AIM OF THE TASK: All of the entries, apart from their pictures, are to be copied verbatim.
MATERIAL FOR THIS TASK: Begin
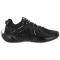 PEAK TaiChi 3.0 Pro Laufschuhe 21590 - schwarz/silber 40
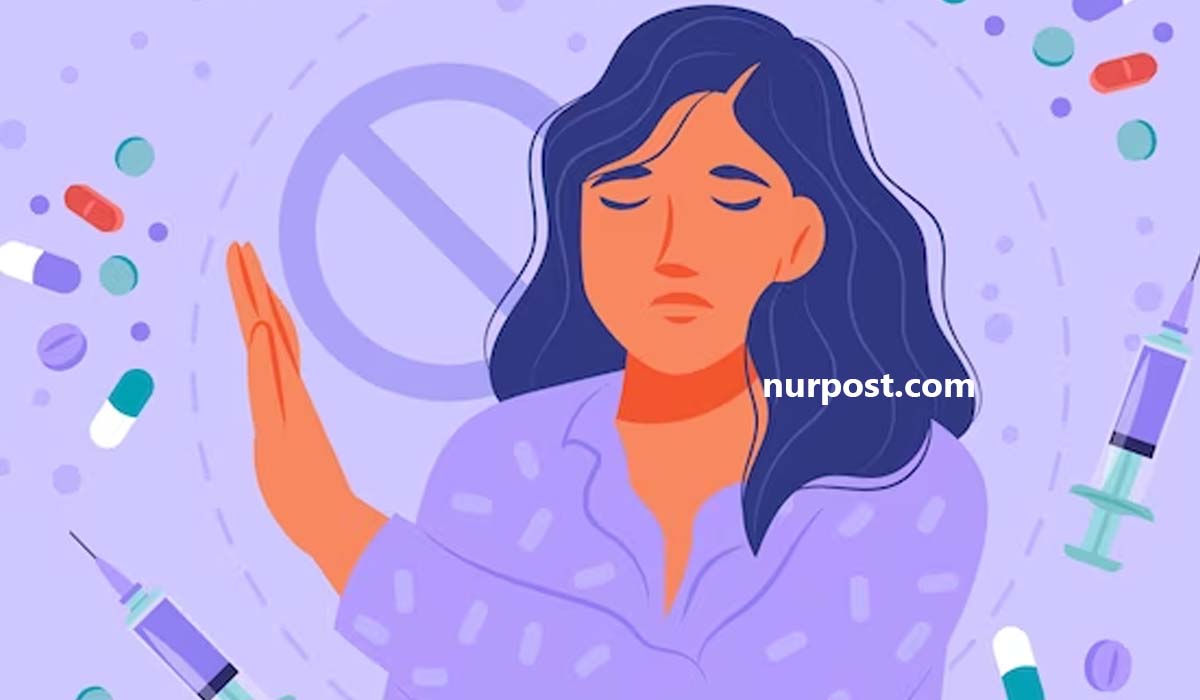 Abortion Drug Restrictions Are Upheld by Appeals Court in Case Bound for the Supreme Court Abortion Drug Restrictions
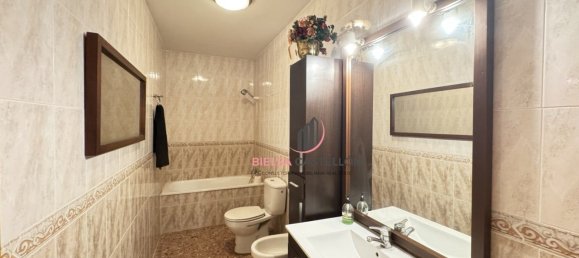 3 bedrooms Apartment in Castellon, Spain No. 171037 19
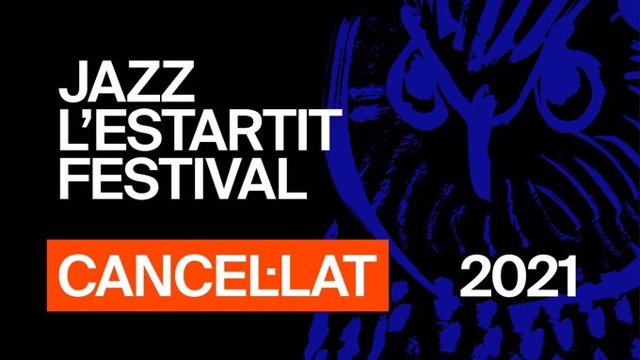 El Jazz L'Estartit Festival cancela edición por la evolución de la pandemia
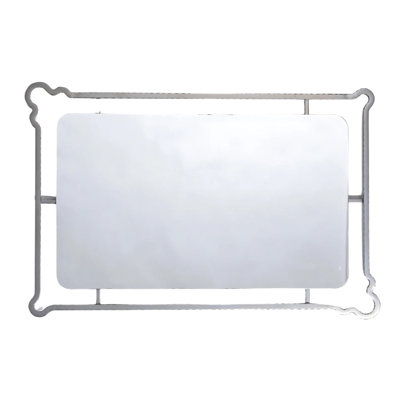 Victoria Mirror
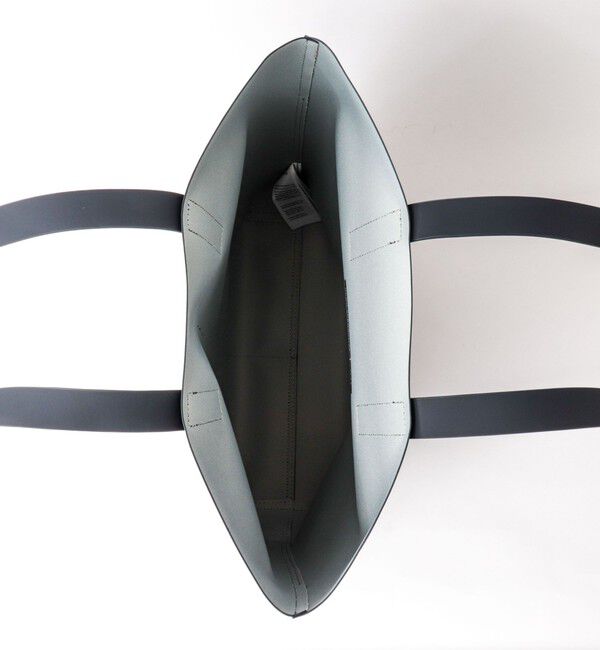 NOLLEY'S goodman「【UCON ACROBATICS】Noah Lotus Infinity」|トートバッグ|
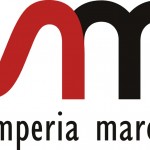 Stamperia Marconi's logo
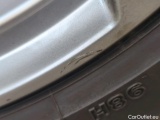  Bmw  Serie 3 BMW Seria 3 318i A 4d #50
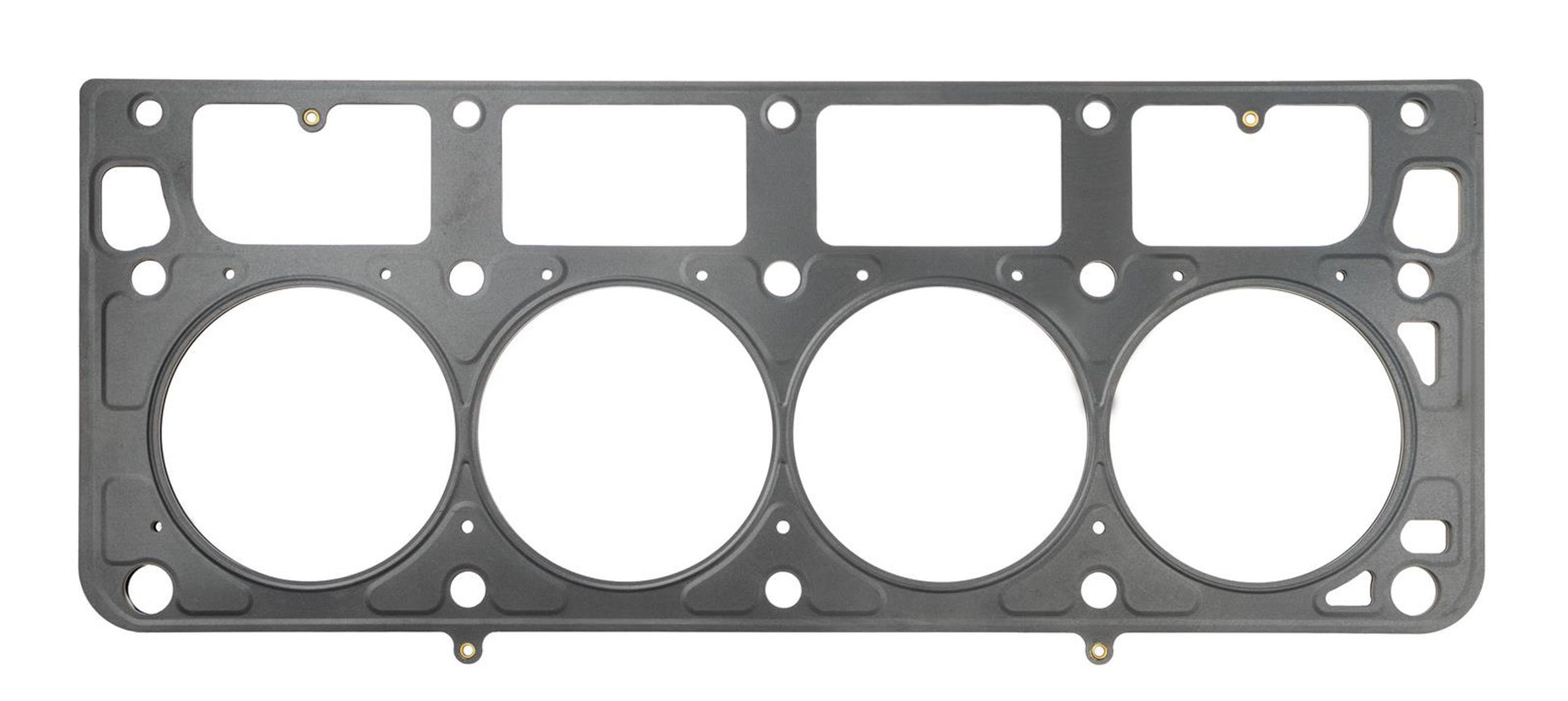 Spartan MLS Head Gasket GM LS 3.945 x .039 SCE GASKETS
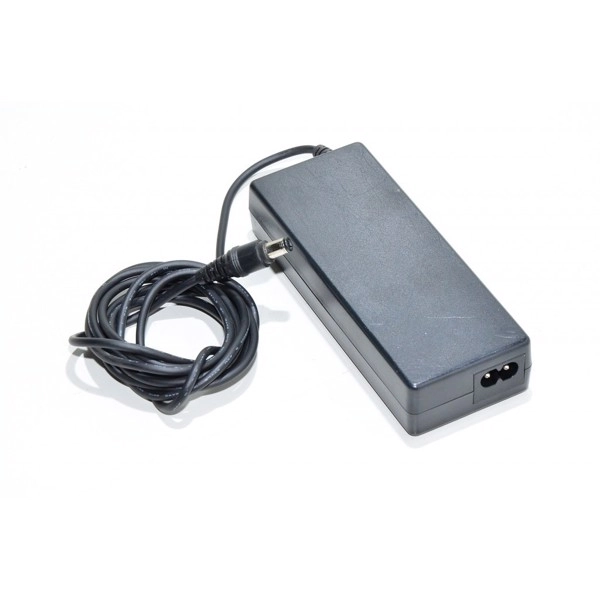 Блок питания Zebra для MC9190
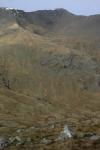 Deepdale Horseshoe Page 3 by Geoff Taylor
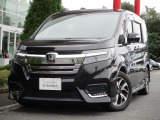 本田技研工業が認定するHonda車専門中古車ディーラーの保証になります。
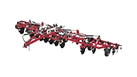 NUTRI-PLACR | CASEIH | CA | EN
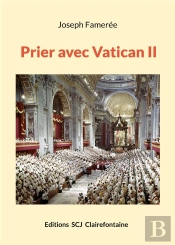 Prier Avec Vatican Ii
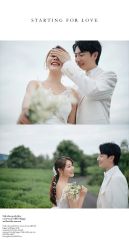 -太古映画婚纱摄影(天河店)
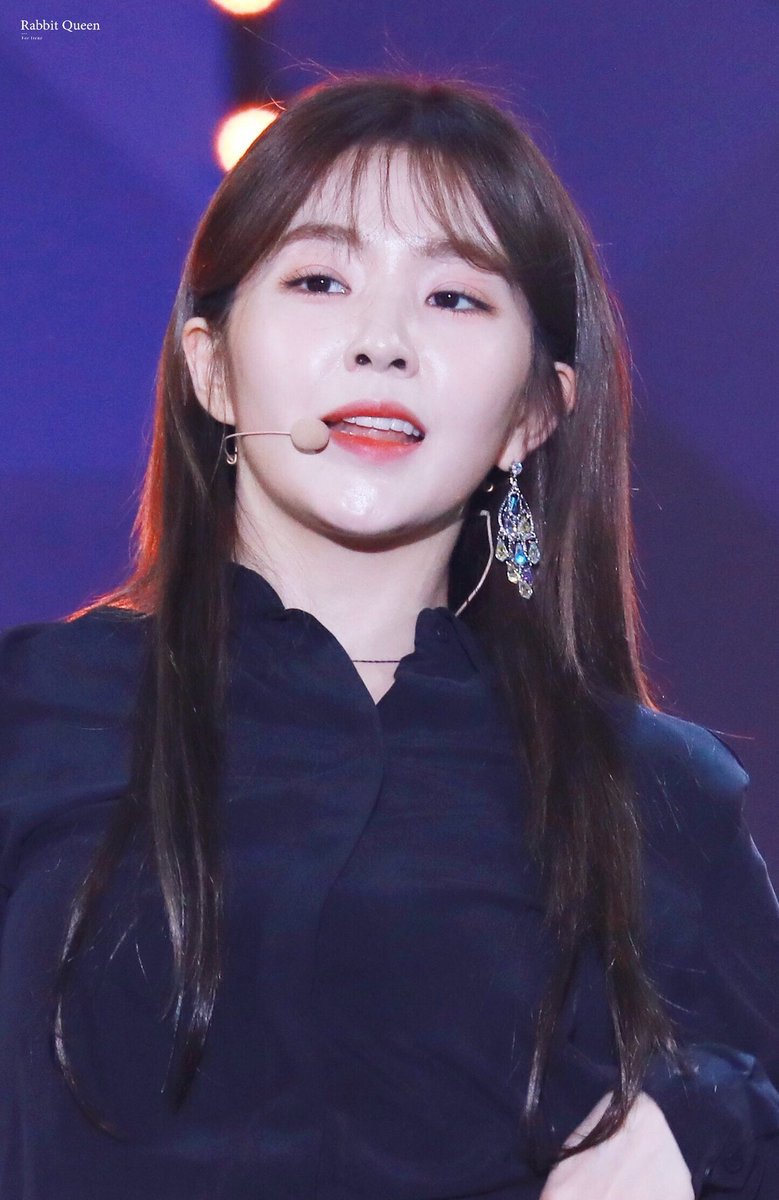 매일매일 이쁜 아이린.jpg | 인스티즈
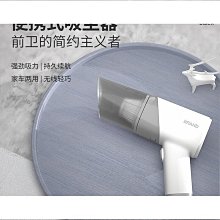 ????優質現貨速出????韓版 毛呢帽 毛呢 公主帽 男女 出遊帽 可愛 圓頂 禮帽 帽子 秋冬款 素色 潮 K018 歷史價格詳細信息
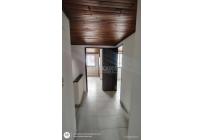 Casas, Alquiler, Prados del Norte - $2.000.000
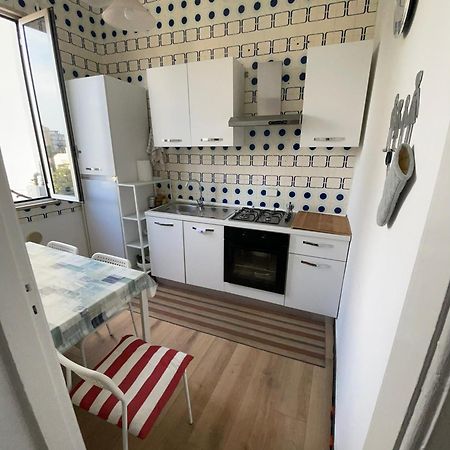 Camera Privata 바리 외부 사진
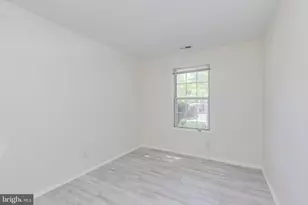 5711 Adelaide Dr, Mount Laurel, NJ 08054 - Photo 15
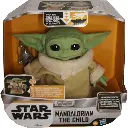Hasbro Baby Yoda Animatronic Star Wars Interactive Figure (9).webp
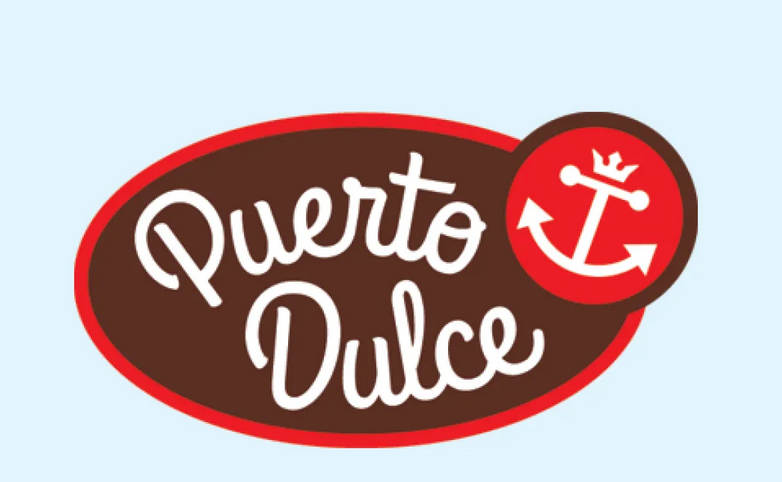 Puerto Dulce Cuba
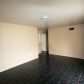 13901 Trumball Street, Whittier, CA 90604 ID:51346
MATERIAL FOR THIS TASK: End
ANSWER:
 PEAK TaiChi 3.0 Pro Laufschuhe 21590 - schwarz/silber 40
 Abortion Drug Restrictions Are Upheld by Appeals Court in Case Bound for the Supreme Court Abortion Drug Restrictions
 3 bedrooms Apartment in Castellon, Spain No. 171037 19
 El Jazz L'Estartit Festival cancela edición por la evolución de la pandemia
 Victoria Mirror
 NOLLEY'S goodman「【UCON ACROBATICS】Noah Lotus Infinity」|トートバッグ|
 Stamperia Marconi's logo
  Bmw  Serie 3 BMW Seria 3 318i A 4d #50
 Spartan MLS Head Gasket GM LS 3.945 x .039 SCE GASKETS
 Блок питания Zebra для MC9190
 Deepdale Horseshoe Page 3 by Geoff Taylor
 本田技研工業が認定するHonda車専門中古車ディーラーの保証になります。
 NUTRI-PLACR | CASEIH | CA | EN
 Prier Avec Vatican Ii
 -太古映画婚纱摄影(天河店)
 매일매일 이쁜 아이린.jpg | 인스티즈
 ????優質現貨速出????韓版 毛呢帽 毛呢 公主帽 男女 出遊帽 可愛 圓頂 禮帽 帽子 秋冬款 素色 潮 K018 歷史價格詳細信息
 Casas, Alquiler, Prados del Norte - $2.000.000
 Camera Privata 바리 외부 사진
 5711 Adelaide Dr, Mount Laurel, NJ 08054 - Photo 15
Hasbro Baby Yoda Animatronic Star Wars Interactive Figure (9).webp
 Puerto Dulce Cuba
 13901 Trumball Street, Whittier, CA 90604 ID:51346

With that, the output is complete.